Alchemy was not restricted to one culture or group. So among the many traditions it should be possible to find one that resonates for your personal alchemy. Any technique or practice the is going to be effective for personal change must be one you can feel comfortable with from he start.
For hundreds of years alchemists toiled in their laboratories to produce a mythical substance known as the philosopher’s stone. The supposedly dense, waxy, red material was said to enable the process that has become synonymous with alchemy—chrysopoeia, the metamorphosis, or transmutation, of base metals such as lead into gold. We now know that their efforts at the physical level were in vain but on the spiritual, philosophical and psychological levels, hey have left a rich legacy for us to explore.
Hellenist Egypt
The start of western alchemy is generally be traced to Hellenistic Egypt, where the city of Alexandria was a center of knowledge through most of the Greek and Roman periods. Here, elements of technology, religion, mythology, and Hellenistic philosophy, each with their own much longer histories, combined to form the earliest traditions. Zosimos of Panopolis was an Egyptian alchemist and Gnostic mystic who lived around the the end of the 3rd and beginning of the 4th century AD. He wrote the oldest known books on alchemy, which he called “Cheirokmeta,” using the Greek word for “things made by hand.” Pieces of this work survive in the original Greek and Syriac and Arabic translations.
India
The use of the element mercury for alchemy is first documented in the 3rd– or 4th–century Arthashastra an encyclopedic volume on political economy, social issues and other subjects. Buddhist texts from the 2nd to 5th centuries mention the transmutation of base metals to gold.

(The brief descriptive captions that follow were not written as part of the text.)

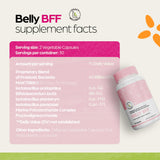 LegacyNutra BELLY BFF Probiotic Supplement capsule close-up
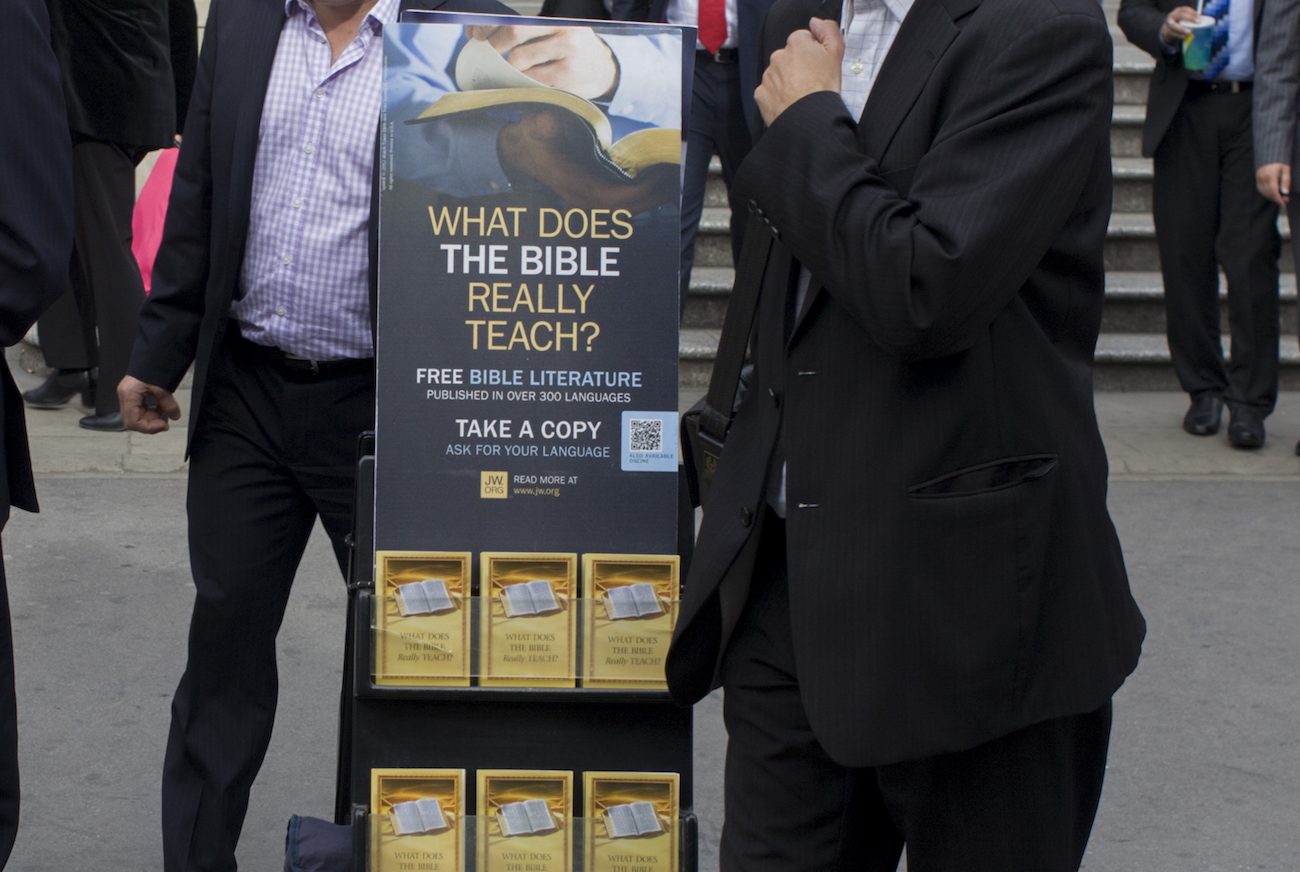 Jehovah S Witnesses - Jehovah Witness - HD Wallpaper 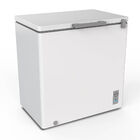 Freezer Horizontal 3 Em 1 Branco 205l Midea Rcfb22 - 220v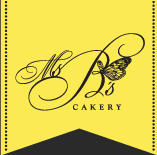 MS B'S CAKERY Logo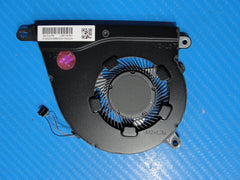 HP 14-dq2078wm 14" Genuine Laptop CPU Cooling Fan L68134-001 DTADQ5D586M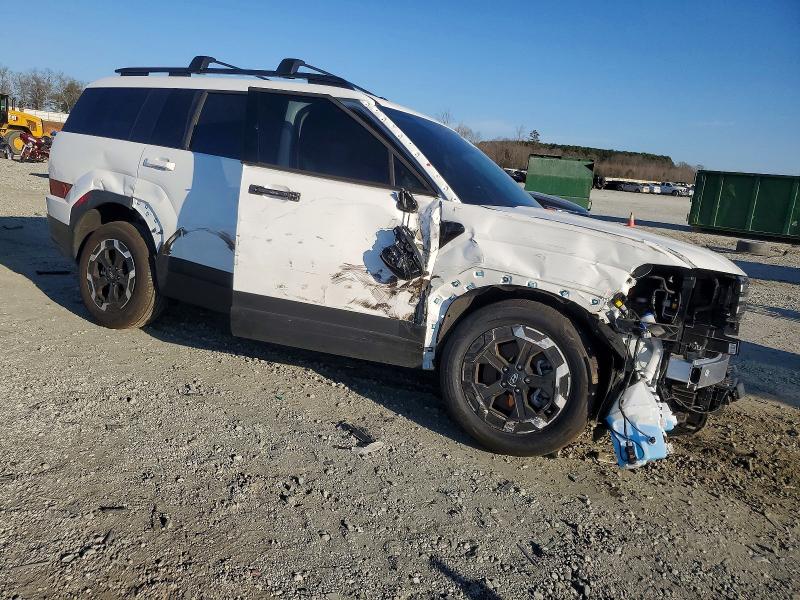 2025 Hyundai Santa Fe მანქანა იყიდება აუქციონზე, vin: 5NMP24GL0SH118732, აუქციონის ნომერი: 98780035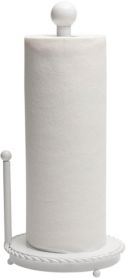 Rope Paper Towel Holder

The 11th-century Persian chemist and physician Abū Rayḥān Al-Bīrūnī, visited the province of Gujarat and wrote
“They have a science similar to alchemy which is quite peculiar to them, which in Sanskrit is called Rasayāna and in Persian Rasavātam. It means the art of obtaining/manipulating Rasa: nectar, mercury, and juice. This art was restricted to certain operations, metals, drugs, compounds, and medicines, many of which have mercury as their core element. Its principles restored the health of those who were ill beyond hope and gave back youth to fading old age.”
So there was a health and medicine component in Indian alchemy. Additional goals of alchemy in India included the creation of a divine body (Sanskrit divya-deham) and immortality while still embodied (Sanskrit jīvan-mukti).
Muslim world
After the fall of the Roman Empire, alchemical development moved to the Islamic World. The roots of Muslim alchemy came from the Greek. Arab scholars saved and preserved the Hellenistic works that were otherwise lost, translating them, creating commentaries on Greek authors and incorporating many of their theories and technical terms into Arabic alchemy works. This extensive writing is why much more is known about Islamic alchemy because it was better documented. This knowledge came partly through direct contact in Egypt, partly through the medium of Syrian Christian translators, and partly by way of Persia. Persian influence is evident through linguistic clues in technical terms and in names of minerals. Noticeably, many of the principal Muslim alchemists were Persians. The word alchemy itself was derived from the Arabic word al-kīmiyā’ (الكيمياء).
China
Whereas European alchemy eventually centered on the transmutation of base metals into noble metals, Chinese alchemy had a more obvious connection to medicine. The philosopher’s stone of European alchemists can be compared to the Grand Elixir of Immortality sought by Chinese alchemists. However, in the hermetic view, these two goals were not unconnected, and the philosopher’s stone was often equated with the universal panacea; therefore, the two traditions may have had more in common than initially appears.
Black powder may have been an important invention of Chinese alchemists. As previously stated above, Chinese alchemy was more related to medicine. It is said that the Chinese invented gunpowder while trying to find a potion for eternal life. Described in 9th-century texts[citation needed] and used in fireworks in China by the 10th century[citation needed], it was used in cannons by 1290[citation needed]. From China, the use of gunpowder spread to Japan, the Mongols, the Muslim world, and Europe. Gunpowder was used by the Mongols against the Hungarians in 1241, and in Europe by the 14th century.
Chinese alchemy was closely connected to Taoist forms of traditional Chinese medicine, such as Acupuncture and Moxibustion, and to martial arts such as Tai Chi Chuan[citation needed] and Kung Fu (although some Tai Chi schools believe that their art derives from the philosophical or hygienic branches of Taoism, not Alchemical). In fact, in the early Song dynasty, followers of this Taoist idea (chiefly the elite and upper class) would ingest mercuric sulfide, which, though tolerable in low levels, led many to suicide[citation needed]. Thinking that this consequential death would lead to freedom and access to the Taoist heavens, the ensuing deaths encouraged people to eschew this method of alchemy in favor of external sources[citation needed](the aforementioned Tai Chi Chuan[citation needed], mastering of the qi[citation needed], etc.).